» **What you should do**:
Make an exact copy of the entries below and leave any picture out of it.

========================================================================

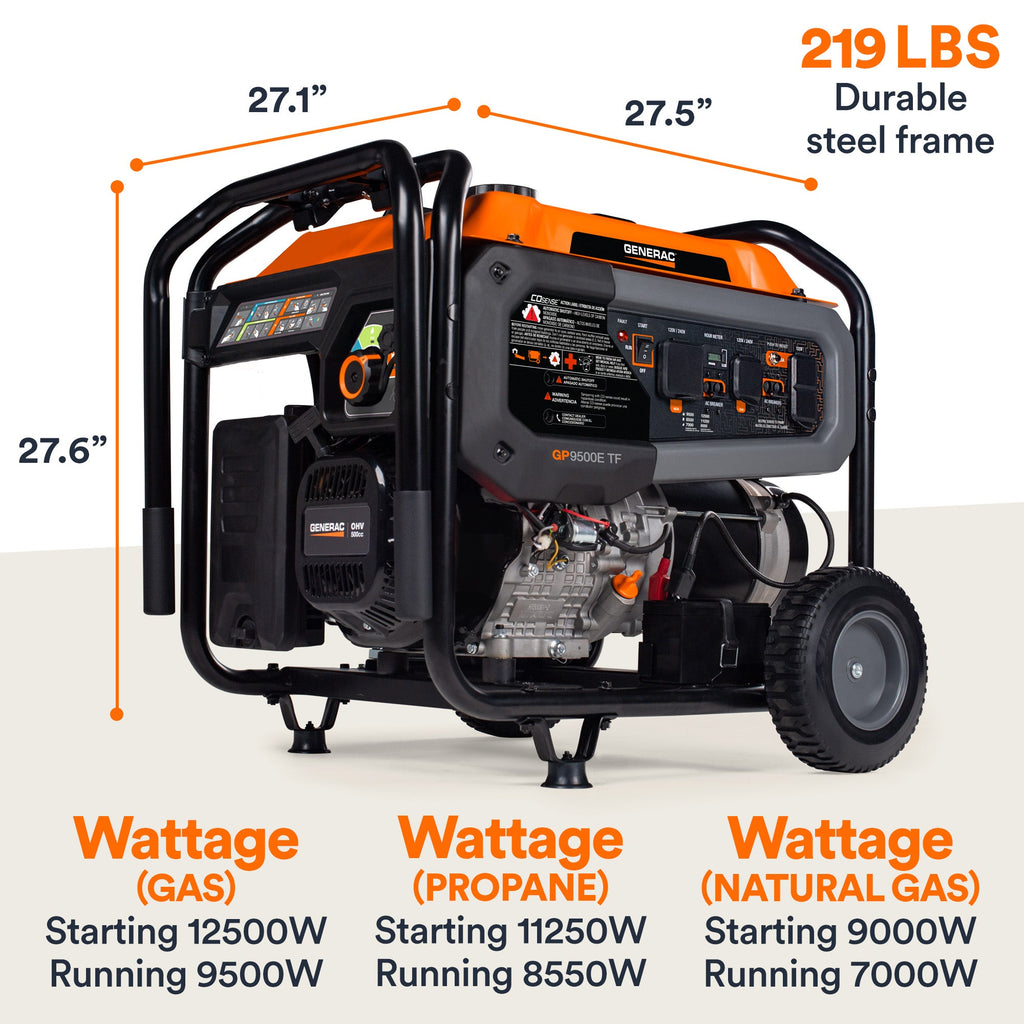 Generac GP9500E TF 8061 9500W/12500W Generator Tri-Fuel Gas Propane Natural Gas 50A COSense Electric Start CARB RFB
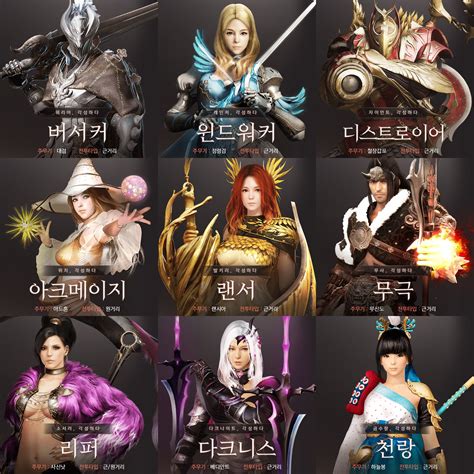 Black Desert Mobile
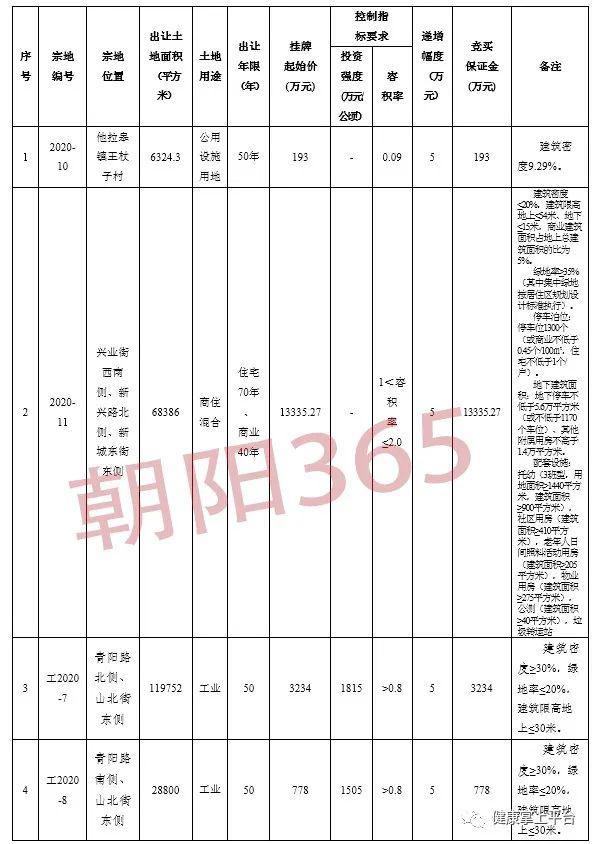 朝阳市市发展和改革委员会最新项目概览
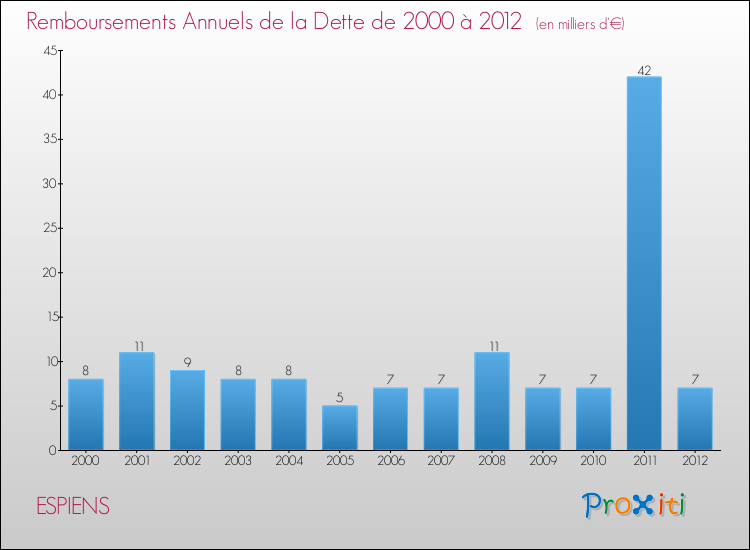 Evolution de l'annuité de la dette pour la commune de ESPIENS de 2000 à 2012 Annuités de la dette pour ESPIENS de 2000 à 2012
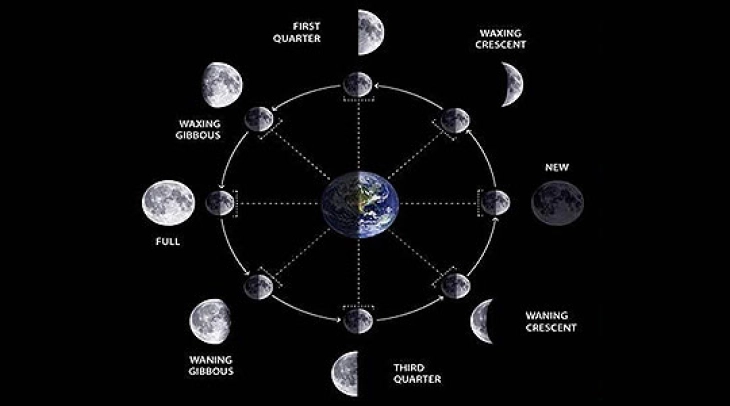 Astronomic calendar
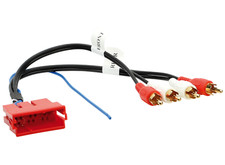 AUDI Aktivsystem Adapter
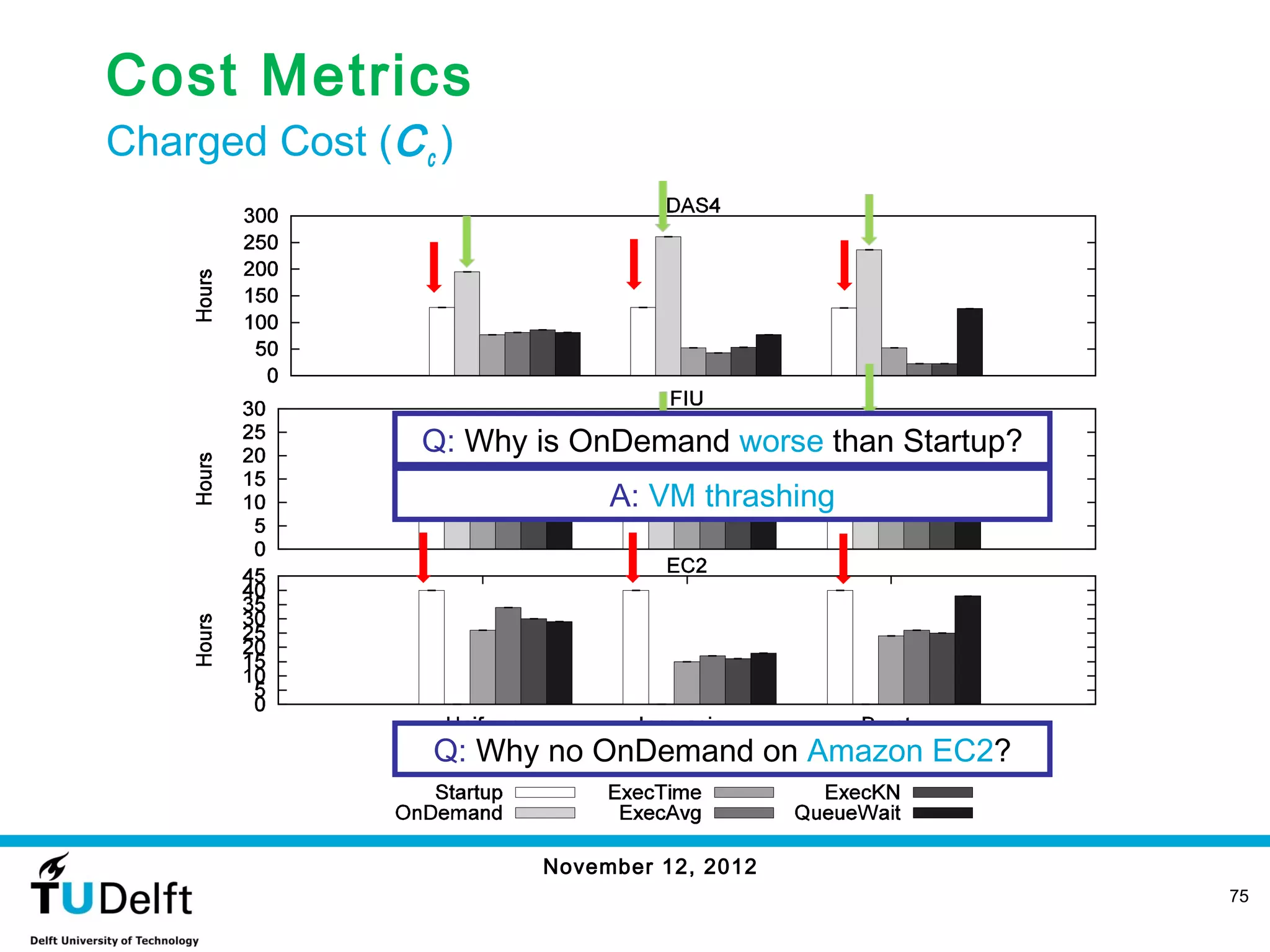 Cost Metrics
Charged Cost (C c )




                 Q: Why is OnDemand worse than Startup?
                             A: VM thrashing




                 Q: Why no OnDemand on Amazon EC2?


                        November 12, 2012
                                                          75
 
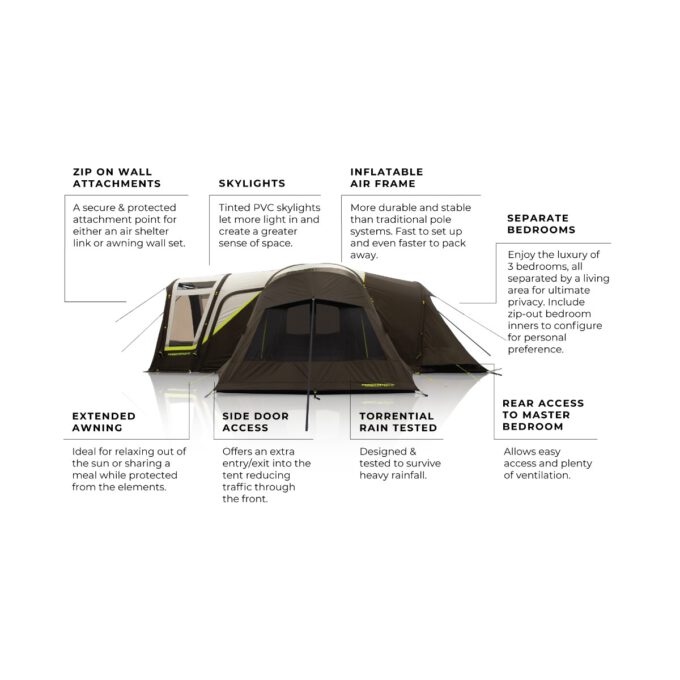 ZEMPIRE Pro III V2 8 persoons tunneltent Airtent OPPOMPBAAR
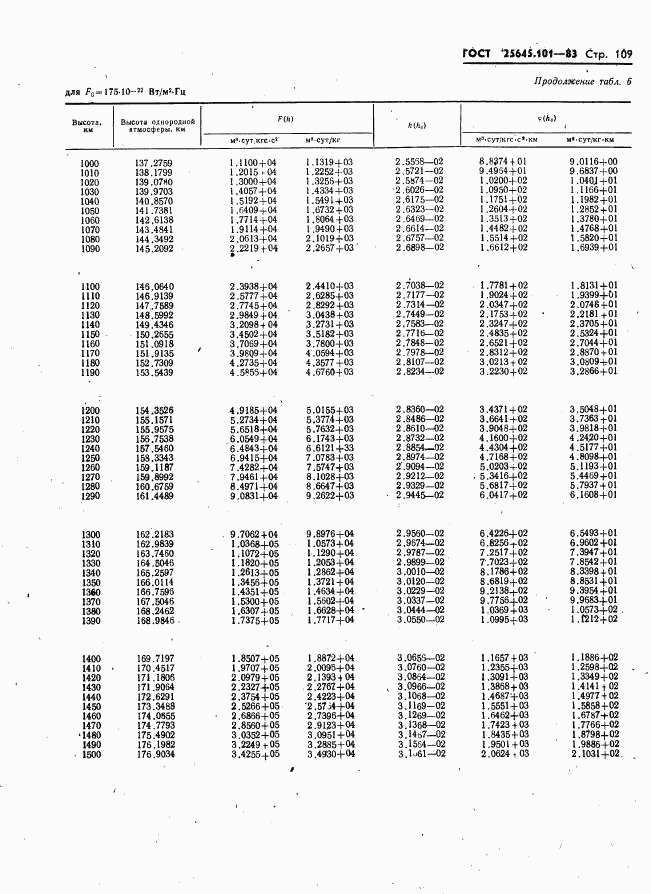 ГОСТ 25645.101-83, страница 111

========================================================================

» **Answer section**:
 Generac GP9500E TF 8061 9500W/12500W Generator Tri-Fuel Gas Propane Natural Gas 50A COSense Electric Start CARB RFB
 Black Desert Mobile
 朝阳市市发展和改革委员会最新项目概览
 Evolution de l'annuité de la dette pour la commune de ESPIENS de 2000 à 2012 Annuités de la dette pour ESPIENS de 2000 à 2012
 Astronomic calendar
 AUDI Aktivsystem Adapter
 Cost Metrics
Charged Cost (C c )




                 Q: Why is OnDemand worse than Startup?
                             A: VM thrashing




                 Q: Why no OnDemand on Amazon EC2?


                        November 12, 2012
                                                          75
 
 ZEMPIRE Pro III V2 8 persoons tunneltent Airtent OPPOMPBAAR
 ГОСТ 25645.101-83, страница 111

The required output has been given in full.